- Origin: Stockholm, Sweden
- Genres: Pop/Techno
- Years active: 2001-2005
- Labels: Egmont Music
- Members: Elin Klingfors Martina Ståhl Mari-Linn Almgren Klevhamre Alexandra Pettersson

= E.M.M.A. =

Swedish girl group

E.M.M.A was a Swedish girl group, mostly popular in Sweden. The group was founded by Keith Almgren who also wrote all the lyrics for their debut album. They have released three albums and eight singles. The group went on several small tours in Sweden.

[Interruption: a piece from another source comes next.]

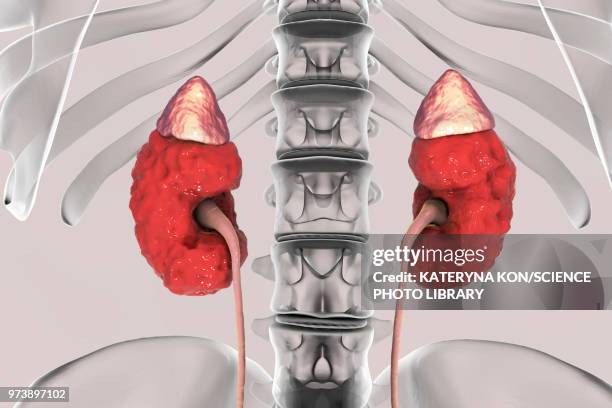 chronic kidney disease, illustration - cyst stock illustrations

They came into existence in 2001 and officially broke up on 26 October 2005. The members were Elin Klingfors (born 25 December 1990), Martina Ståhl (born 1 December 1988), Mari-Linn Almgren Klevhamre (born 10 May 1992) and Alexandra Pettersson (born 22 February 1990).

==Discography==
- Single "En hemlighet" - 2001
- Single "Varje gång" - 2001
- Album "E.M.M.A" - 2001
- Single "Bubblar i mej" - 2002
- Single "SMS" - 2002
- Album "Vänner" - 2002
- Single "Vi ska alltid vara vänner" - 2003
- Single "Bamses födelsedagsvisa" - 2003
- Single "Precis som du är" - 2004
- Album "Tur & Retur" - 2004
- Single "Sol, vind och vatten" - 2004

==B-Tween==
In the Spring of 2006, two of the former band members (Martina Ståhl and Alexandra Pettersson) formed a new group since the breakup of E.M.M.A. The group was named "B-Tween" and are labelled as singing pop/disco house/R&B style music. As of January 2008, "B-Tween" had two songs listed on their website, "Dangerzone" and "Reaching for the Stars". It is unknown when, or if, a release will be made by this group in the future.